During my training last year by far the most talked about of the ‘dreaded’ TDA tests was the I.C.T. test. This test involved completing a variety of tasks such as answering an email and bookmarking a website under timed exam conditions. All of the tasks were things that my colleagues did all the time- yet they still dreaded this test most of all, and many repeatedly failed it. Chats with those who attended other universities has suggested this situation is not out of the ordinary.
The problem people seemed to have was that the test took place on a made up operating system.
Most people’s complaints seemed to be centered on the argument that the test was not representative of their IT skills as it was an irrelevant system that they were not used to. Whoosh.. there goes the missed point.
After conversations with colleagues at different schools it worries me that many teachers and ICT admins are so reluctant to shift from Windows centric thinking. A colleague I was at University with told me that his school decided to spend their budget on a limited number of Windows machines rather than significantly more Linux ones because, “Linux is for geeks”. This saddens me. Certainly there are issues of support staff needing the skills to do their job (lets hope those are transferrable enough to manage the ‘made up OS’). However, I think it is hugely important for children to experience different systems for them to gain a true understanding of ICT, and truly transferable skills.
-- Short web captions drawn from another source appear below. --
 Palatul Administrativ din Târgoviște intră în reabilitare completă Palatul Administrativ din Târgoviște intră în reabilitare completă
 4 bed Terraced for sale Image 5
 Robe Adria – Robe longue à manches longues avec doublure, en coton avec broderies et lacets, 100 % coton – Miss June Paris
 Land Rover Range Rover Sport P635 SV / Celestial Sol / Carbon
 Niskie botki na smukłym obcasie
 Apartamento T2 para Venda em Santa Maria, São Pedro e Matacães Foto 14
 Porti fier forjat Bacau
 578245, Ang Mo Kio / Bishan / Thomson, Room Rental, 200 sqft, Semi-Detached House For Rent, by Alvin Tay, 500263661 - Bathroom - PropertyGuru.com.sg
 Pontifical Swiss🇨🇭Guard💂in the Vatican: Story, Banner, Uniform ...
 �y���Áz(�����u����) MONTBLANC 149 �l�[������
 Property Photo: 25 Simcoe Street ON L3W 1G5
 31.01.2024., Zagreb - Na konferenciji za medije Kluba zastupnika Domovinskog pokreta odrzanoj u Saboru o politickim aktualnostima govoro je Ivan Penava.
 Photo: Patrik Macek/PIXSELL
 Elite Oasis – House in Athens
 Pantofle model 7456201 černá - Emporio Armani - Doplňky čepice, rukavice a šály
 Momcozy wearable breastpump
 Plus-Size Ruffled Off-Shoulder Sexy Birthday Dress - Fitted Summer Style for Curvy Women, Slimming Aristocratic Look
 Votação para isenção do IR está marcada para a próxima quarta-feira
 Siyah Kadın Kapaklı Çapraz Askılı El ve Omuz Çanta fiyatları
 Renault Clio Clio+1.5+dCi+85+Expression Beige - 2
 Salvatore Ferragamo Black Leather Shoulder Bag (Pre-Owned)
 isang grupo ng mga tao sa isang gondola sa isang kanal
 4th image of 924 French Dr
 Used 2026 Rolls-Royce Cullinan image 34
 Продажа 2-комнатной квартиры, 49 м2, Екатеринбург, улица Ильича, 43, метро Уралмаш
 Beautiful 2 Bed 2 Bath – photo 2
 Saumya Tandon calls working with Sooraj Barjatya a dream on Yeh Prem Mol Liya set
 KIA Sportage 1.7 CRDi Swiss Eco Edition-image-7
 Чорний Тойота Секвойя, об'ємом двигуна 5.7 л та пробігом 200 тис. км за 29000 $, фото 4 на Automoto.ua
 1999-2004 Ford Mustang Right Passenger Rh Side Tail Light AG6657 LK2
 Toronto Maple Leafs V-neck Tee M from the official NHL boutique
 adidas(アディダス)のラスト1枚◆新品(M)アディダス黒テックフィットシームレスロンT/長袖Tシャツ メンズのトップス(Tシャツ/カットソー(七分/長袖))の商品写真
In order to develop these ‘portable’ skills and real understanding of IT systems, I really believe children need to experience different operating systems. Someone who has only used one system may easily have got by learning step by step instructions of how to achieve their goals without actually understanding what they are doing, or how the tasks are structured. For example, such a child can learn to find a file by clicking point 1, then point 2 etc, and replicate this every time. To locate that same file on a PC, a Mac and a Linux machine on different occasions requires them to actually think about how the file system is organised, and negotiate it through understanding of the concepts rather than simply learning a procedure by rote. This is a simple example, but as a long time Windows user I gained so much real understanding when I started using Linux and OS X simply because I had to translate my knowledge and skills into a different paradigm.
Surely as schools we should be setting up our systems in the way that has the biggest impact on childrens’ understanding, not that the one that is easiest to manage or conceptualise for support staff. This should be argument enough, without looking at the possible cost savings involved with using Linux based OSes on at least some machines in a school.
I am probably preaching to the converted with this topic on this blog, but I think it is so important that we provide children with a range of ICT experiences in schools, lest they end up like my supposedly ‘computer savvy’ colleagues.